Tap this crispy, weightless meringue cookie and it sounds hollow. But take a bite and the outside shatters, melts, then gives way to the chew of chocolate chips and nutty bits. More a confection than cookie, it is sweet, crunchy air.
These treats whip up easily and bake all by themselves. Put them into a hot oven, switch it off, and forget them. Do not disturb them for hours—preferably overnight. Slow drying crisps them up.
My mom, Muriel, of Olympic Seoul Chicken fame, wouldn’t settle for plain-old boring meringues. So she folded in chocolate and nuts.

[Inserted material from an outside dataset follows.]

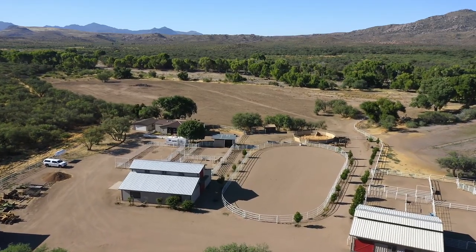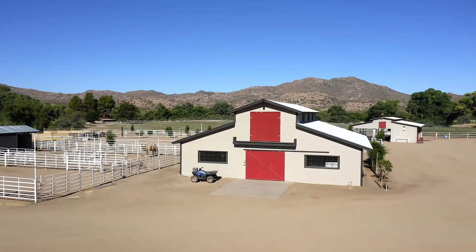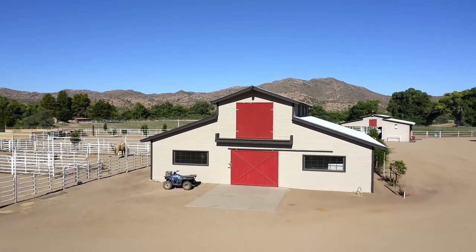Amenities include a large workshop attached to the barn with multiple turnouts, arena, hay barn, tack room, vet lab, and round pen.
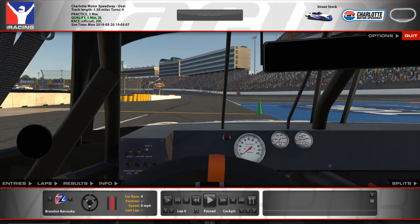What is up guys, we are back here with another round of Street Stock Rookies here on Charlotte. Let's drop into our qualifying laps right now.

My two older brothers named them Meringue-a-Tangs—as fun to say as to eat.
We thank our family dog, Red, for Mom’s Meringue-a-Tangs. No, Red didn’t eat them—chocolate is doggie poison. But he’s the reason she made these cookies.
But first, a little about Red, whose story is pure Disney Channel material.
I was eight when a stray mutt nosed up to our kitchen door, begging for food and shelter during a thunderstorm. My mom felt pity and fed him mini hot dogs. My brothers and I pleaded to keep him. But our parents insisted he had to go. The next morning, my dad loaded him into our car, drove about three miles, and then set him free. When he got to work, he called my mom to say he’d taken care of the dog.
My mom responded, “No you didn’t. He’s back.”
And he stayed. We called him Red. Mom took out a classified ad to find his owner, but happily for us kids nobody claimed him. Months later, a woman in the veterinarian’s waiting room recognized Red. She said his owner, a Naval officer, punished the poor dog he called Troubles by spraying him with water at full blast. This explained why Red cowered and barked ferociously when he saw my dad, a Navy flight surgeon, in uniform. And why a garden hose scared him to death.
We helped Red overcome his trauma. He rewarded us with love, obedience and companionship until the day he ran away to die in the woods—”Call-of-the-Wild” style—at age 16.
Now here’s where the cookies come in.
When Red was five, he developed liver disease. His vet prescribed a simple remedy: one egg yolk a day stirred into his dinner for the rest of his life. I became expert at separating eggs, my mom got an endless supply of egg whites, and Red miraculously recovered. So we ate a lot of Meringue-a-Tangs.
It takes only two egg whites to make a batch of these gems, which you can literally bake in your sleep. And we owe them to my mom and her inspiration, our dear dog Red.
Muriel Brody’s Meringue-a-Tangs
- 2 egg whites
- ½ cup sugar
- 1 cup chocolate chips
- 1 cup chopped pecans
- 1 teaspoon vanilla
- Dash of salt
- Preheat oven to 350°.
- Add vanilla and salt to egg whites and beat until frothy. Gradually add sugar, beating until stiff peaks form and sugar has dissolved. Carefully fold in chocolate chips and nuts.
- Line a large cookie sheet with parchment paper or aluminum foil. Drop cookies by teaspoonfuls or a small cookie scoop onto the prepared sheet and place in the oven.
- Close the oven door and turn off the oven. Do not open for at least four or five hours, and preferably overnight. If cookies are still not dried and crisp, pop them into a 250° oven for a few extra minutes and let cool. Store Meringue-a-Tangs in an airtight container.
2 Comments
Diane Brody
Hey Leah,
I’m sure my mom made them in humid weather, since we lived in the South. I haven’t thought about humidity, though—excellent point. I only recently discovered this recipe in one of her notebooks, and made them in May when it wasn’t very humid. I suppose if they aren’t kept in an airtight container in the summer, they could get weepy. What are your thoughts?
And you are so right about my mom. We had suspected that the hot dogs had sealed the deal. She was too much of a softie.
Thanks for your input!
Diane
Leah Greenwald
So, a question and a comment. Have you ever made these in summertime/humid weather? And your mother is the one who brought Red back. If you feed a dog cocktail sausages, he will remember your address.